This book is like a deck of cards, if each card has an original painting on one side and a flash story on the other. This book was written around the idea of a city in which almost every faith is given a place. The idea is reminiscent of Fritz Leiber's street of the gods in Lankhmar, although Simon and Deeley 's City is nowhere near as gritty. Also, the street of the gods was created to illustrate the foibles of religion. "The city of a thousand gods" celebrates diversity. Colored watercolor and colored-pencil cover illustration and interior illustrations. These are evocative and appealing.

"The City of a Thousand Gods" focuses on the many different gods and religions the authors have imagined for it. It is not an encyclopedia, because each entry is a story, now that I think about it, that would be a wonderful kind of encyclopedia.
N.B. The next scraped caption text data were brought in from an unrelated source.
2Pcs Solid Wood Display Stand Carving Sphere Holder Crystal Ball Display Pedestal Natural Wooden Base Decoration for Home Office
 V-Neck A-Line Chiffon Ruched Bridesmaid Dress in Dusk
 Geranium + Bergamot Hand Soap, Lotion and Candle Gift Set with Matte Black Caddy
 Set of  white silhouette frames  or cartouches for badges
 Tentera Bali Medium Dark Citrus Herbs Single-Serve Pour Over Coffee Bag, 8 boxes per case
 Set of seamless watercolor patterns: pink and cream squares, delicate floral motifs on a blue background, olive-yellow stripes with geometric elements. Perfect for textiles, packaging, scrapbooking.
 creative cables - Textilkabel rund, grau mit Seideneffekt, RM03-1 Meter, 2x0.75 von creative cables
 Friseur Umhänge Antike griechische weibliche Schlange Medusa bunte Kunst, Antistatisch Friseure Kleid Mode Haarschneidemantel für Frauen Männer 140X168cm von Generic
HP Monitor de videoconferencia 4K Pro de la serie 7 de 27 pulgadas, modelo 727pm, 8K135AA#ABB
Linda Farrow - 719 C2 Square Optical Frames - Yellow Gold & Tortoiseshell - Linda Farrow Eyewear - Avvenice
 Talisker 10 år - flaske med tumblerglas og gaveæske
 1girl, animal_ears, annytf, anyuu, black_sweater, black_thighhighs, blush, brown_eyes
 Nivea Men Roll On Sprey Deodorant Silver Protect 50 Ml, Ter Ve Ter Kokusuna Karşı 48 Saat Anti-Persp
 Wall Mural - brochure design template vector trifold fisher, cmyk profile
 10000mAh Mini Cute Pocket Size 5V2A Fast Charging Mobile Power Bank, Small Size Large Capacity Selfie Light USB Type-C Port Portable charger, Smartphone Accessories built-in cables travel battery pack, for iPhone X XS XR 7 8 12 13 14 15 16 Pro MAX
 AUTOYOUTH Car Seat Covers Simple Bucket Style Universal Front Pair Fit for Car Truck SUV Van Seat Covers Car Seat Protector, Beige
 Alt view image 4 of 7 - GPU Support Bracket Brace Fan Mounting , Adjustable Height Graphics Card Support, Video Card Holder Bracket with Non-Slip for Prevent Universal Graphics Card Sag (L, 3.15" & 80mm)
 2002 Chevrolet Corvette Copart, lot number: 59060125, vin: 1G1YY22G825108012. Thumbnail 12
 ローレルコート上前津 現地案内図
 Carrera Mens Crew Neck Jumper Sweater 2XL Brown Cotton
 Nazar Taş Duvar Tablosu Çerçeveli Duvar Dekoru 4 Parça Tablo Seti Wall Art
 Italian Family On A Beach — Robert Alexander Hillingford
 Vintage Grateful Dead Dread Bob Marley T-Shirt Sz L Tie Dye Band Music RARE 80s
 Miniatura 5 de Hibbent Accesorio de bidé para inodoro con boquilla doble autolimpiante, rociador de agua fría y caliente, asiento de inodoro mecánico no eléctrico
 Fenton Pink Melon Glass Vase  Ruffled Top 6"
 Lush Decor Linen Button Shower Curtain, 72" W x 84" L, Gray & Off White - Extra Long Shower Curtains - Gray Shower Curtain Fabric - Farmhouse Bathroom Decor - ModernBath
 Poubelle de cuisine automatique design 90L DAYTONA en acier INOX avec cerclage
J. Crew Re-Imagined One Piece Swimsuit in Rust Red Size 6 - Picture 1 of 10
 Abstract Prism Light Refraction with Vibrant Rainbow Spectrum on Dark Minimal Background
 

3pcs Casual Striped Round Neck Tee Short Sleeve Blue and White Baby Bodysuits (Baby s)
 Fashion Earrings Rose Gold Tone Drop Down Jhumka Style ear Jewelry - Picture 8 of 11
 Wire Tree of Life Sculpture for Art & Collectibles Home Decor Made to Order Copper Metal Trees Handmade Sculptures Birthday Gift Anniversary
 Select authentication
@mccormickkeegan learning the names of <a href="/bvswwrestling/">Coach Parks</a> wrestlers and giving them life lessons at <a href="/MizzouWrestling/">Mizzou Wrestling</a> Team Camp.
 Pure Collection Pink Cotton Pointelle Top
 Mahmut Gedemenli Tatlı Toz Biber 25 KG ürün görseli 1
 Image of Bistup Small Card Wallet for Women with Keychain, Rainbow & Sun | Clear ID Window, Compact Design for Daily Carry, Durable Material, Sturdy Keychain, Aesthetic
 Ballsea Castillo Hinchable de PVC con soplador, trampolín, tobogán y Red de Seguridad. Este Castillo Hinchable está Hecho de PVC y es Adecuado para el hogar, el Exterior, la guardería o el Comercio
I will admit right up front, the book does not cover all 1000 gods that are worshiped in the city. It does cover a good 29 of them. Perhaps there will be a sequel.

One remarkable thing about the book is the cover. Sam's Dot is notorious for less-than-thrilling covers. This book is an exception. Not only do I like the cover, which stands out as one of the best I've seen from Marge Simon, but I enjoyed nearly all the stories. Quite often in a book of this sort, where a certain minimum number of stories is needed, some stories are right on the mark, but others are as flat as pancakes. Not here. The authors stopped at 29 stories because they felt they were done.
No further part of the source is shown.